Congressional supporters of a textile quota bill decided yesterday to wait until August to try to override President Reagan's veto, hoping a worsening trade picture will give them the needed votes.

They also vowed to use the threat of the override to force the Reagan administration to stiffen its stance in negotiations setting new limits on imports of textiles and apparel. The current multifiber arrangement (MFA) expires July 31.

"If the new MFA is not strengthened to give the U.S. textile and apparel industry equal footing with other nations in the international market, then I'll bring the bill back," said Rep. Ed Jenkins (D-Ga.), prime House sponsor of legislation to limit imports of textiles, shoes and copper.

Rep. Carroll A. Campbell Jr. (R-S.C.) added that a Reagan failure to get strict import limits in the new MFA "will strengthen the chances of an override.

"We're either going to have action to stop imports or we are going to override that veto," he added.

Jenkins acknowledged that he presently lacks the two-thirds majority needed for the veto override.

The House set Aug. 6 for an override vote, and supporters of the measure said its closeness to congressional elections could draw lawmakers to their side. The only Constitutional time limit on overriding a veto is that it be done within the two-year term of a Congress.

Reagan delayed his veto until close to 11 p.m. Tuesday to avoid antagonizing some lawmakers whose support he had sought for a tax overhaul measure. "I was for the tax bill," said Jenkins. "I gave one for the Gipper. But the Gipper didn't give me one back."

While representatives of the textile and shoe industries and their congressional supporters attacked the veto, U.S. retailers and exporting nations applauded Reagan.

The government in Taiwan, the largest supplier of textiles to the United States and one of the three Asian nations that would have been hardest hit by the bill, expressed "hearty respect" to Reagan for his veto. South Korea Minister of Trade and Industry Kum Jin-ho called the Reagan veto "a reaffirmation of America's traditional commitment to free trade. . . . "

Even the European Community, which was not touched by the legislation despite its surging textile sales in this country, applauded the veto as "a courageous decision, which we welcome."

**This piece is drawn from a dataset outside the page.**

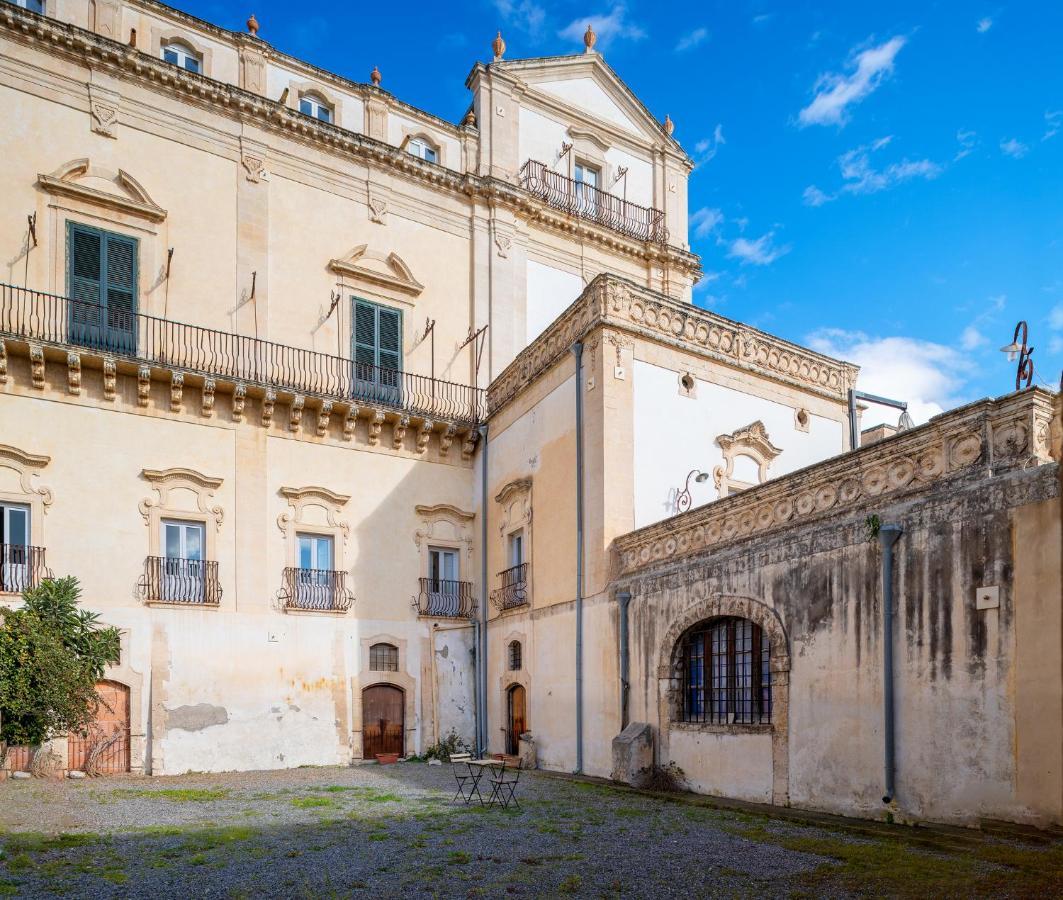 Palazzo Trigona Dependance Hotel Noto Exterior foto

Peter V. Handal, chairman of the American Association of Exporters and Importers, said the veto "will protect millions of American consumers" from higher prices and "avoid costly foreign retaliations" against U.S. exports.

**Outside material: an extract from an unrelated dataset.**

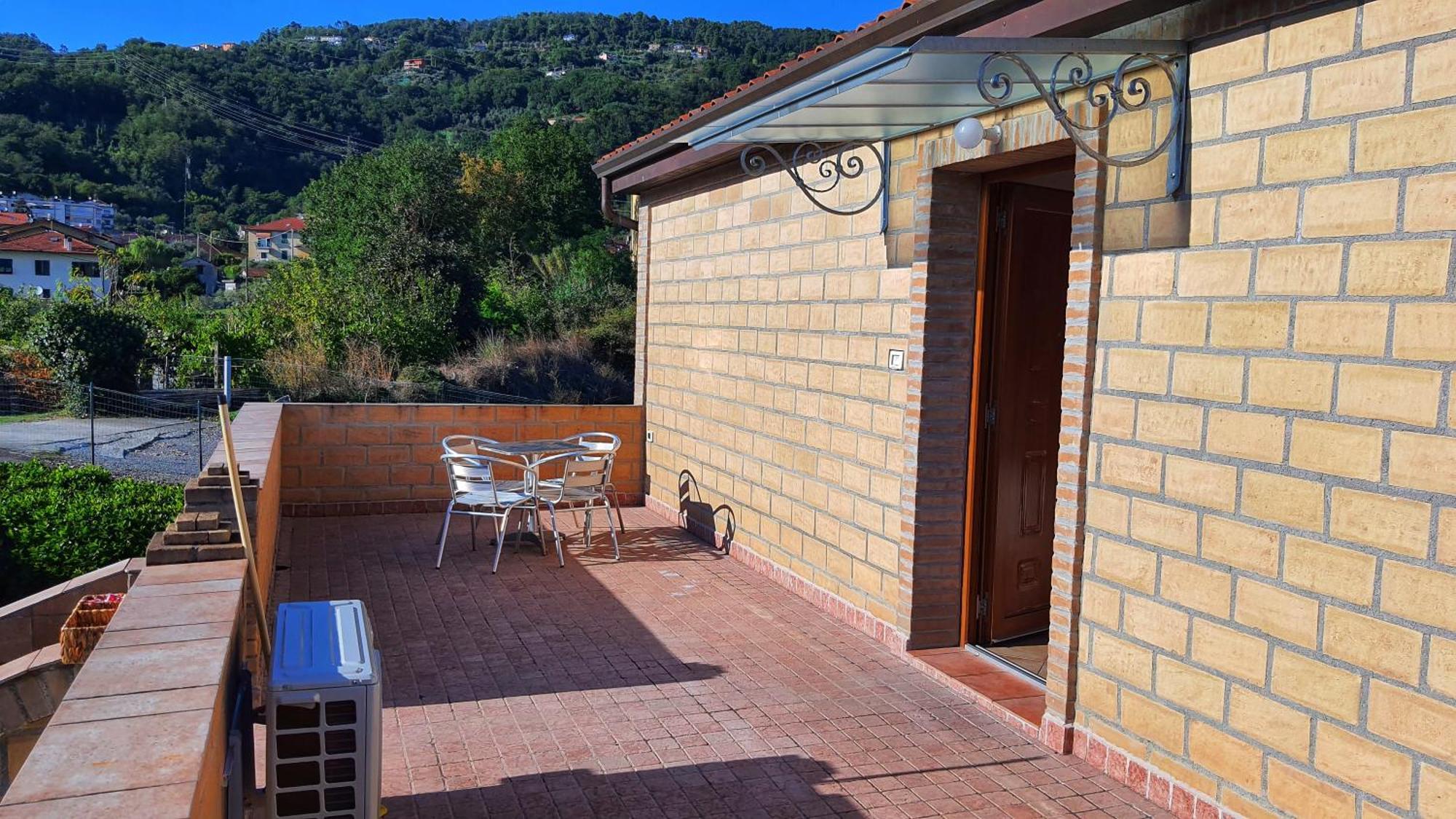 Spicchio Di Luna - Casa Vacanze Albiano Magra Bagian luar foto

Both Handal and Joseph P. O'Neill, coordinator of the retail Action Trade Coalition, urged the president to resist pressure from the textile industry to insist on tough restrictions in the new MFA. Handal said he expects the interests of consumers, retailers and importers will be considered in formulating the American position.

In his veto message, President Reagan merely instructed U.S. Trade Representative Clayton Yeutter "to most aggressively renegotiate the multifiber arrangement on terms no less favorable than present."

The message also instructed Treasury Secretary James A. Baker III, head of the Cabinet-level Economic Policy Council, to determine if textile and apparel imports exceed quotas set in international agreements as the industry had charged. An earlier draft of the message, circulated on Capitol Hill yesterday before the veto, gave that authority to Commerce Secretary Malcolm Baldrige.